■ INFORMATION PROVIDED
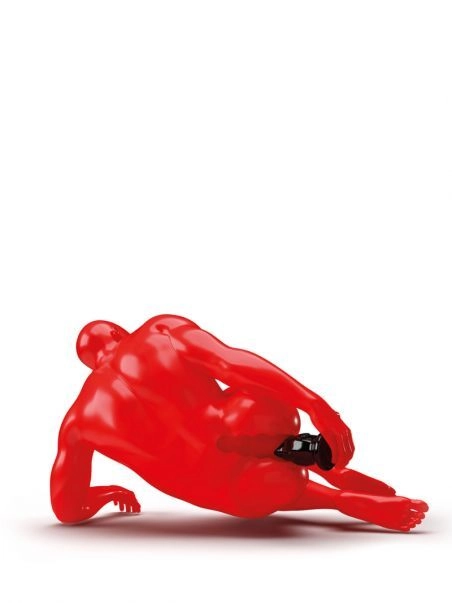 Gros Gode à Vagues The Javelin - AB Steroïd 6 Gros Gode à Vagues The Javelin - AB Steroïd – Image 6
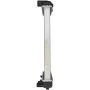 SPECTRA PREMIUM CU438 Radiator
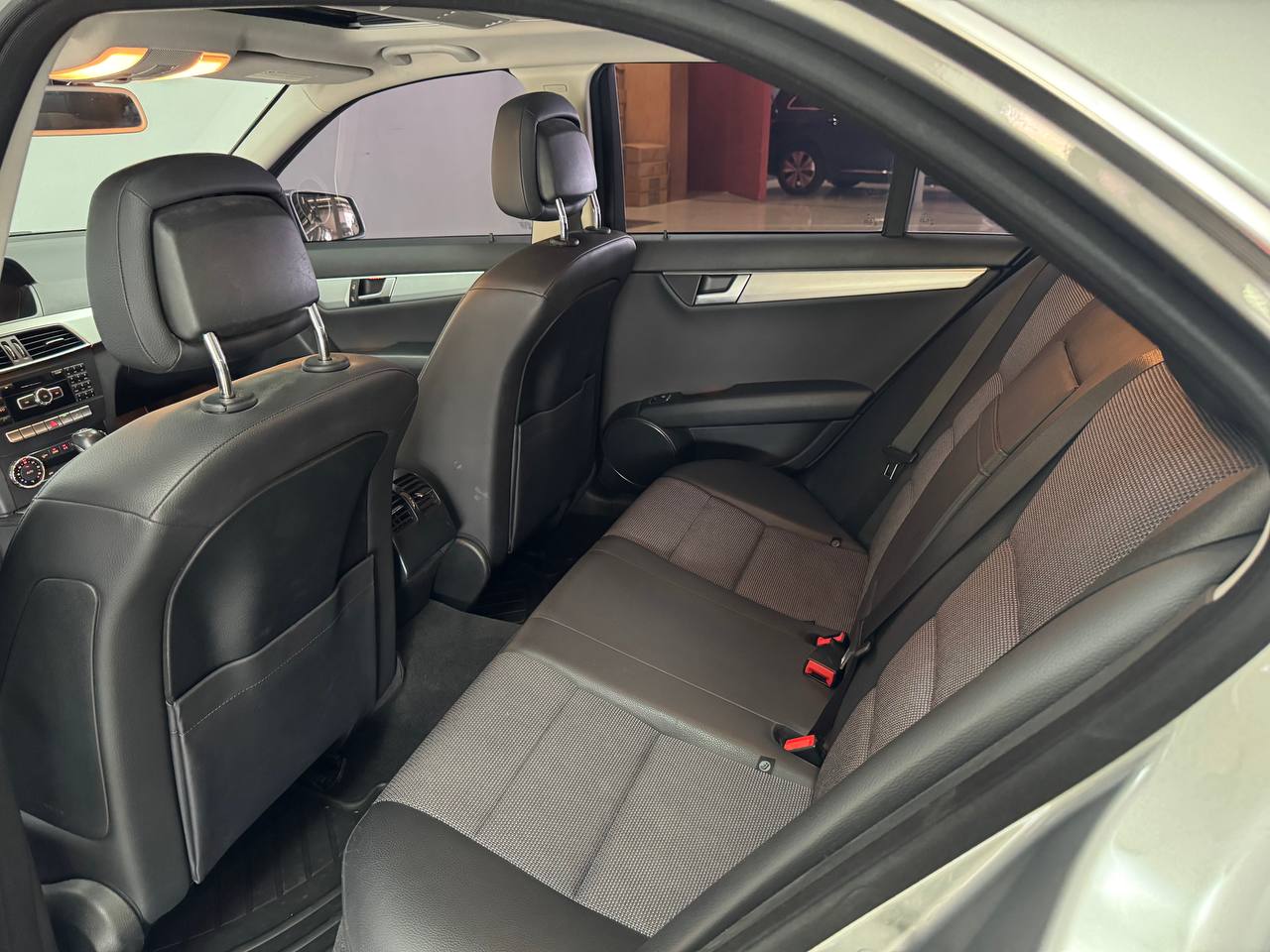 Imagen del coche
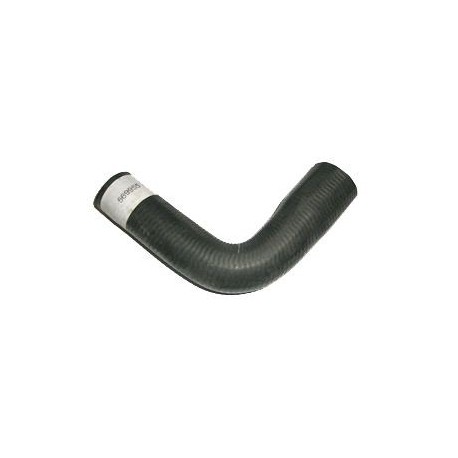 Tubo Sup Radiador Serie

■ REQUIREMENT
The copy must match the listing above exactly but contain no pictures.

■ EXPECTED ANSWER
 Gros Gode à Vagues The Javelin - AB Steroïd 6 Gros Gode à Vagues The Javelin - AB Steroïd – Image 6
 SPECTRA PREMIUM CU438 Radiator
 Imagen del coche
 Tubo Sup Radiador Serie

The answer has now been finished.